**DIRECTIONS**
Repeat exactly the lines below from the line that contains "Abito donna Kate" to the last line, inclusive, without the pictures.

-- RAW DATA follows --

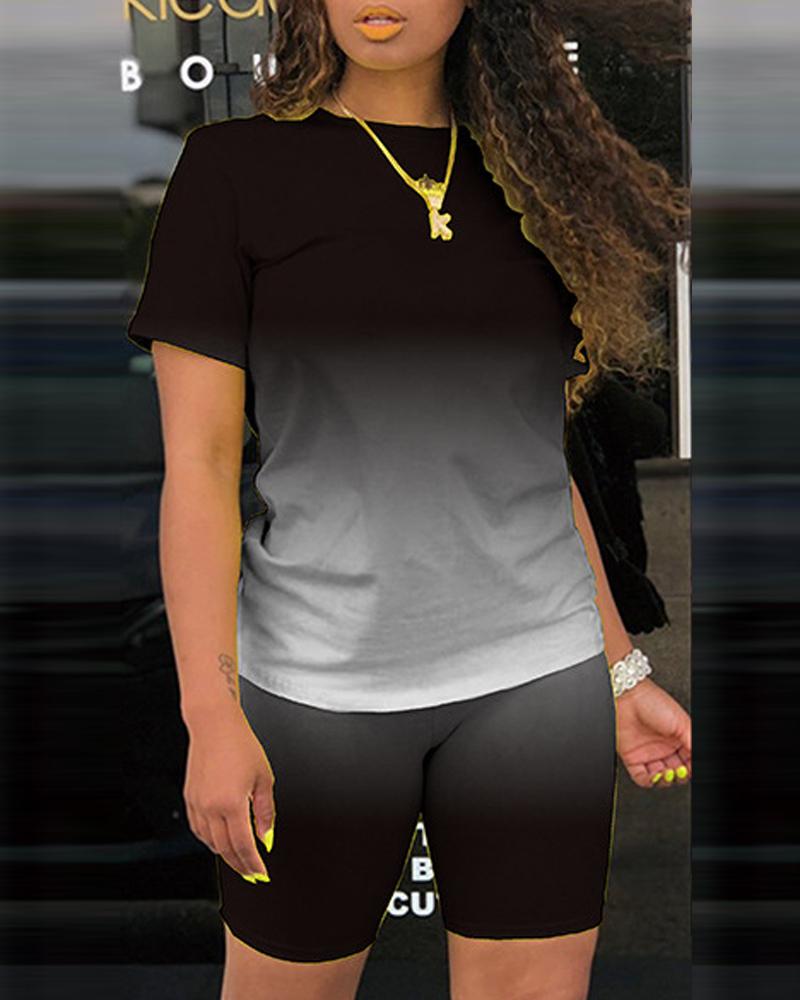

Plus Size Ombre Casual Top & Shorts Set, Black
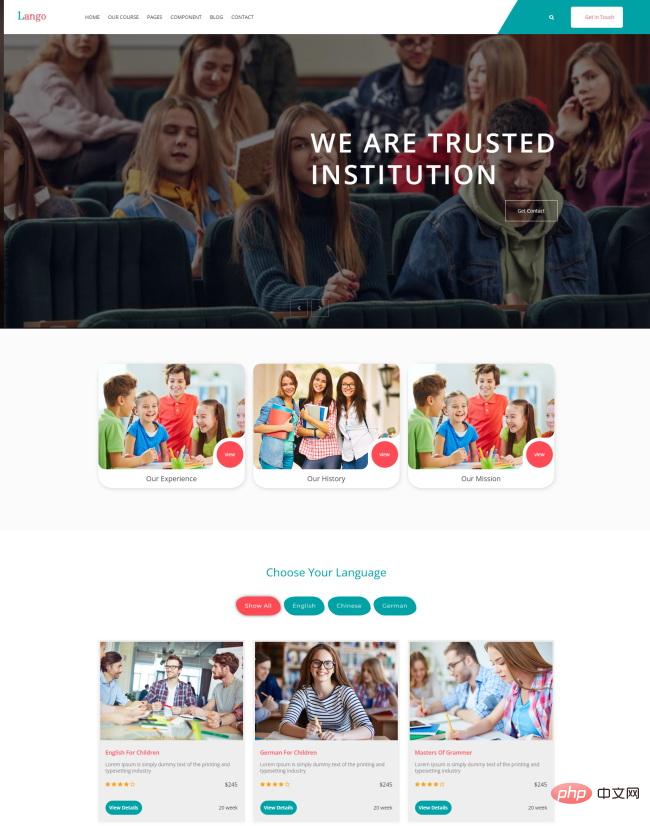 技能培养教育服务机构网站模板-源码分享网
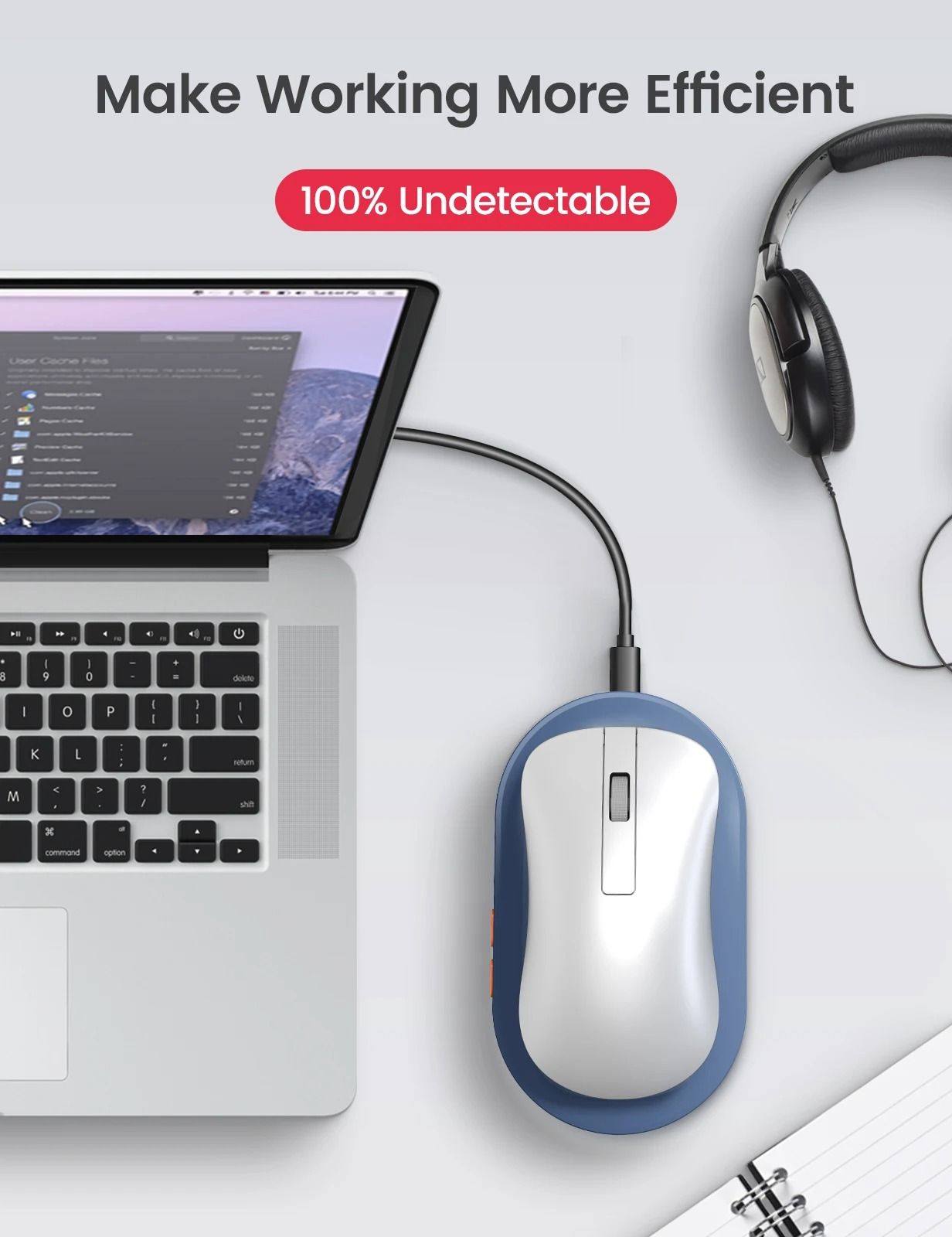 Undetectable Professional Mouse Jiggler with Power Adapter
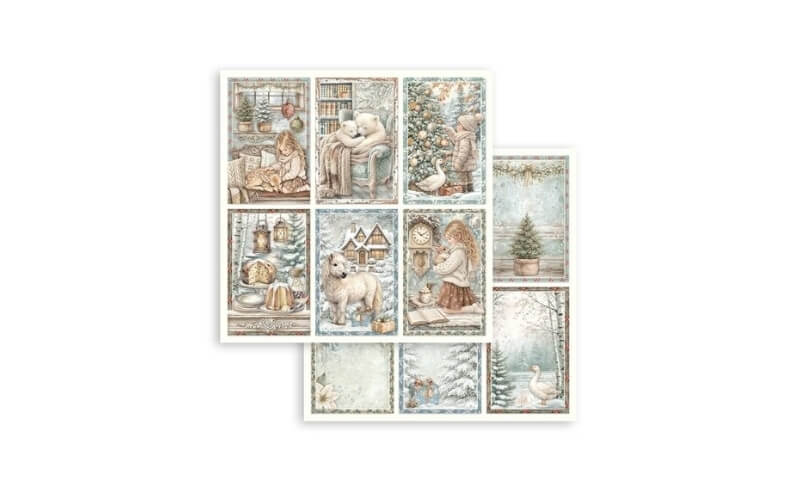 Plakboekpapier 30x30 White Christmas 6 Cards Stamperia
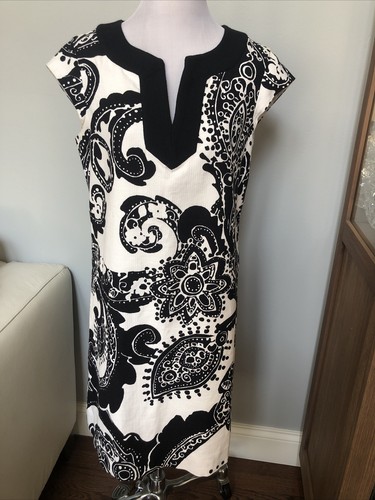 Abito donna Kate Spade New York Heleen bianco e nero paisley foderato a tubino taglia 6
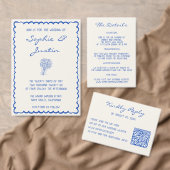 Minimalistische blaue Skript-QR-Code-Hochzeitswebs RSVP Karte (Personalisiere diese Kollektion eines unabhängigen Creators.)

-- RAW DATA concluded --

**RESPONSE TO THIS TASK**
 Abito donna Kate Spade New York Heleen bianco e nero paisley foderato a tubino taglia 6
 Minimalistische blaue Skript-QR-Code-Hochzeitswebs RSVP Karte (Personalisiere diese Kollektion eines unabhängigen Creators.)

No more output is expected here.